What you are asked to do –
Could you please reproduce all the records below exactly, leaving out the images?

Exercise input –
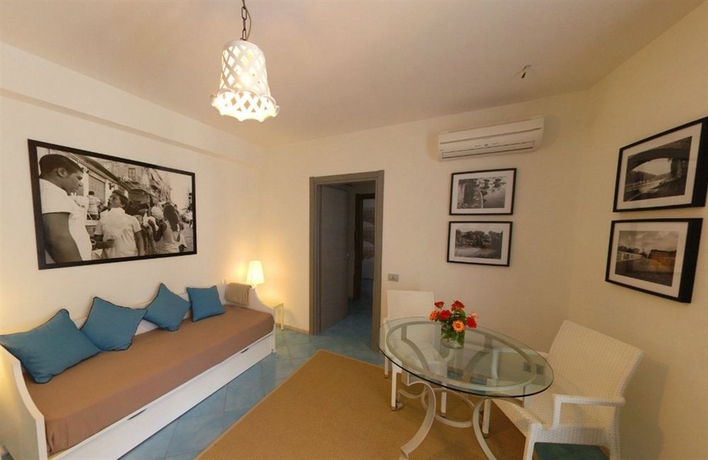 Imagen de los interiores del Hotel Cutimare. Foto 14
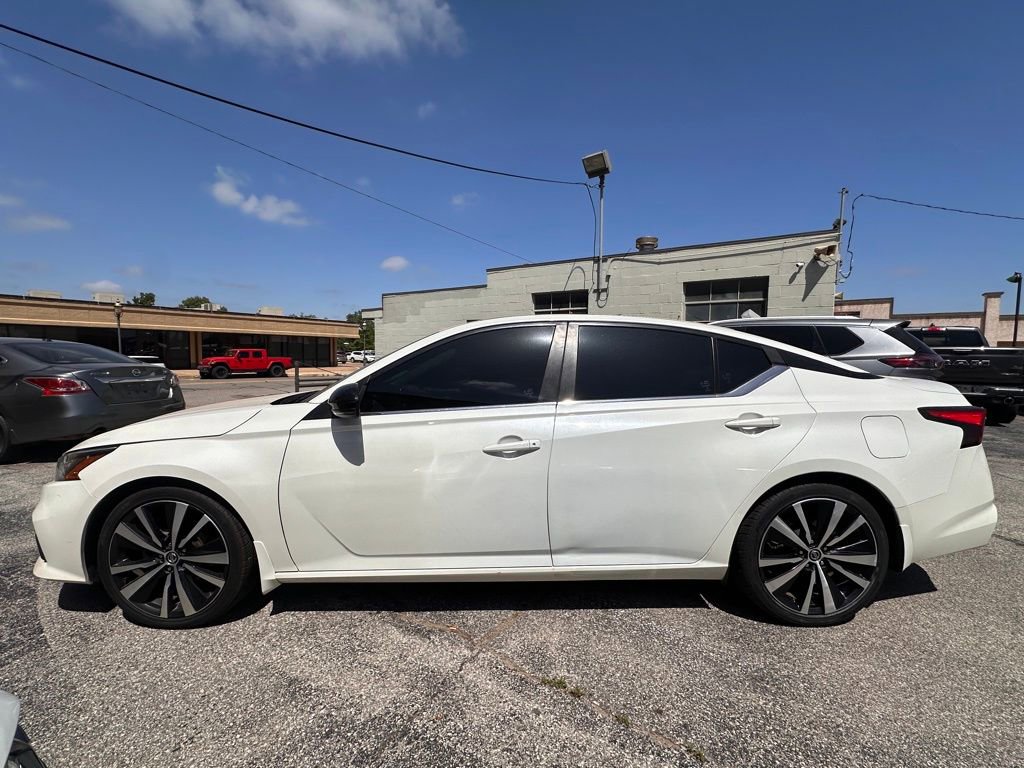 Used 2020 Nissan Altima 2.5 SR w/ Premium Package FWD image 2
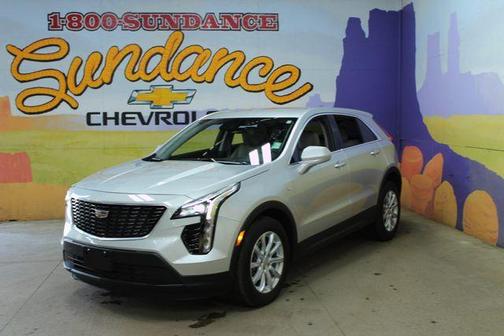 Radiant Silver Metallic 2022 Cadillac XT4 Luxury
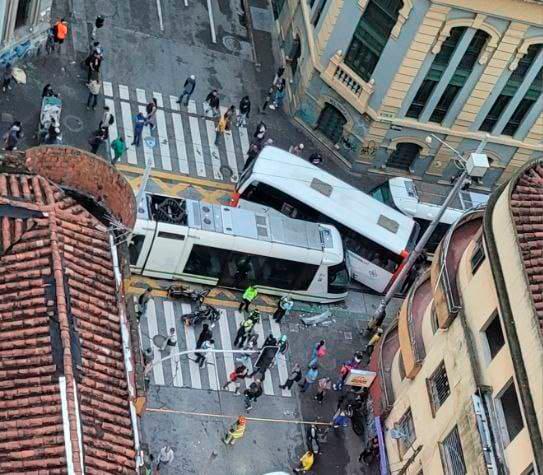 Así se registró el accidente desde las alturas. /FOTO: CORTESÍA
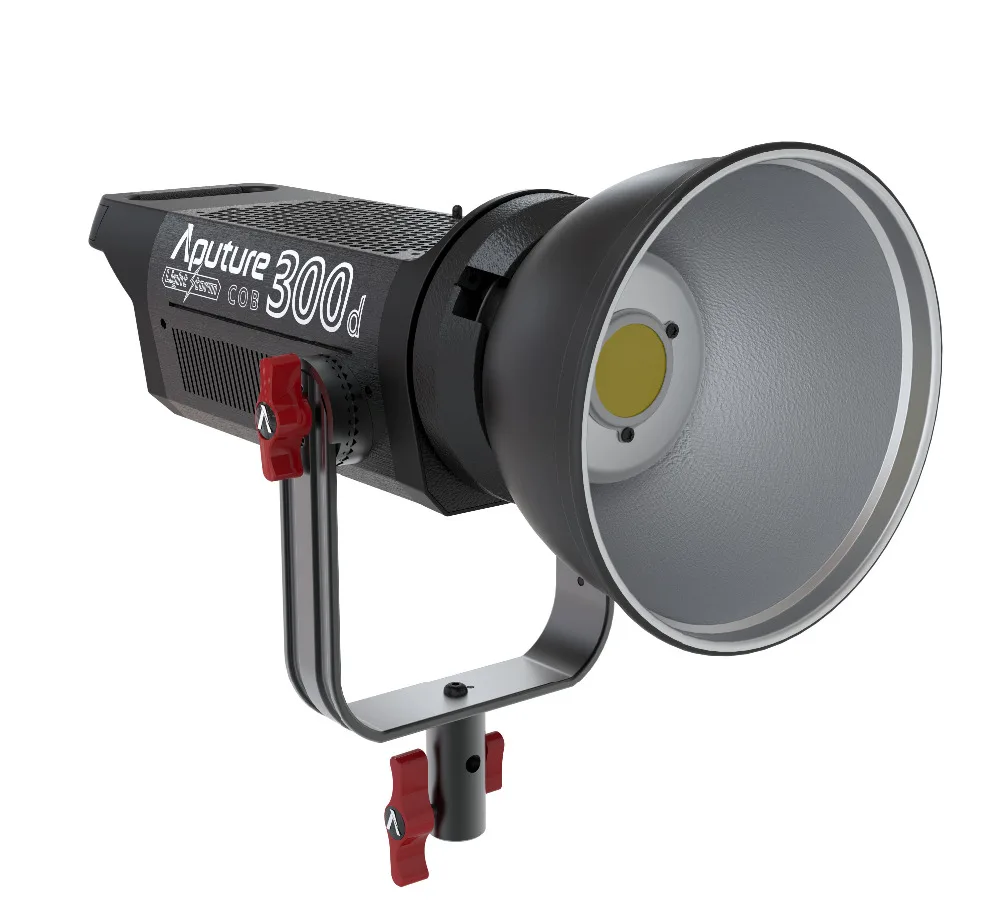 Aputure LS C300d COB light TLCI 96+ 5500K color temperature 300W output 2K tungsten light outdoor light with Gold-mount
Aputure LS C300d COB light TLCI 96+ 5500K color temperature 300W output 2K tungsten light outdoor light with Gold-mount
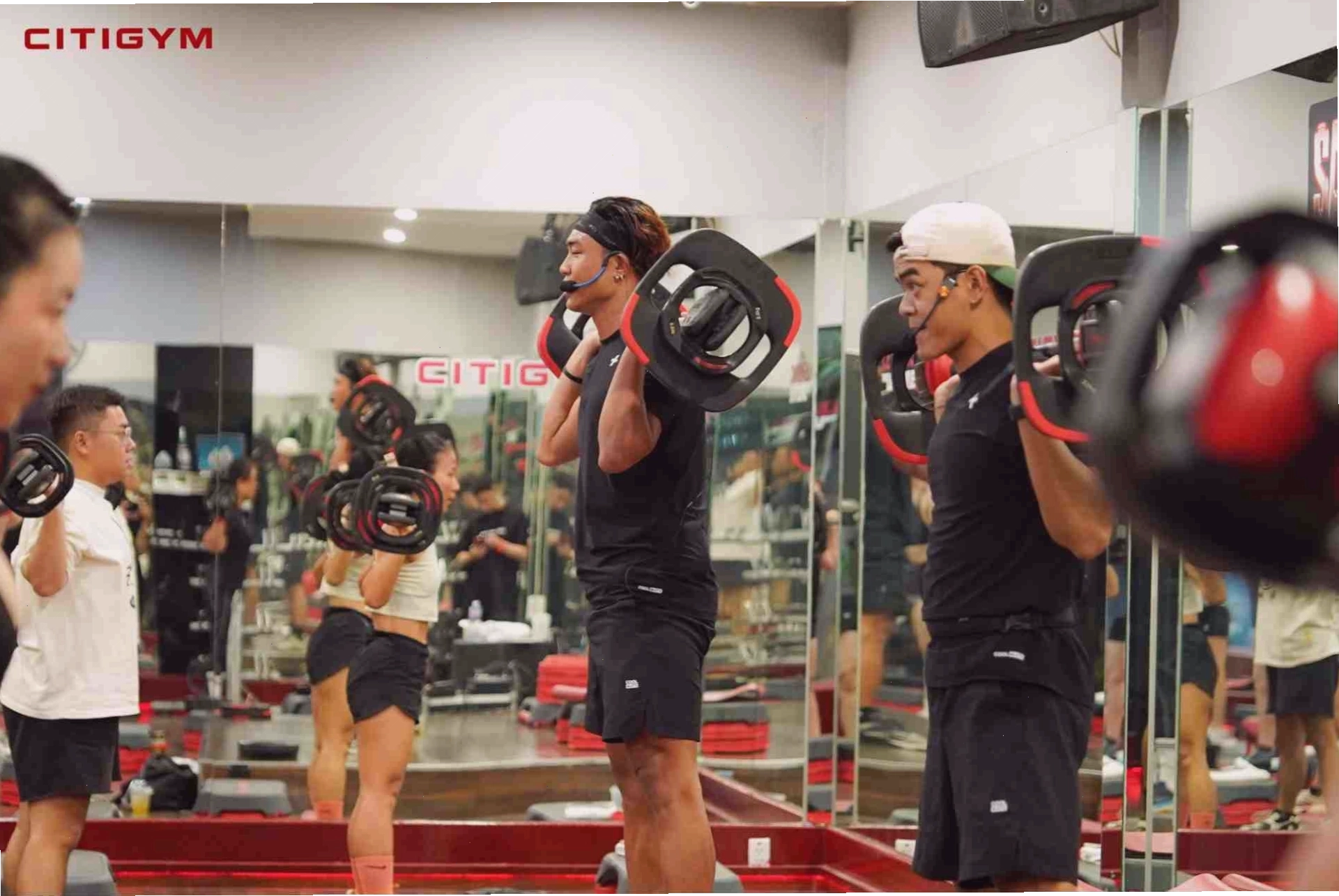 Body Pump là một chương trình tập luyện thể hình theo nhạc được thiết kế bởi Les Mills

Output of the task –
 Imagen de los interiores del Hotel Cutimare. Foto 14
 Used 2020 Nissan Altima 2.5 SR w/ Premium Package FWD image 2
 Radiant Silver Metallic 2022 Cadillac XT4 Luxury
 Así se registró el accidente desde las alturas. /FOTO: CORTESÍA
 Aputure LS C300d COB light TLCI 96+ 5500K color temperature 300W output 2K tungsten light outdoor light with Gold-mount
Aputure LS C300d COB light TLCI 96+ 5500K color temperature 300W output 2K tungsten light outdoor light with Gold-mount
 Body Pump là một chương trình tập luyện thể hình theo nhạc được thiết kế bởi Les Mills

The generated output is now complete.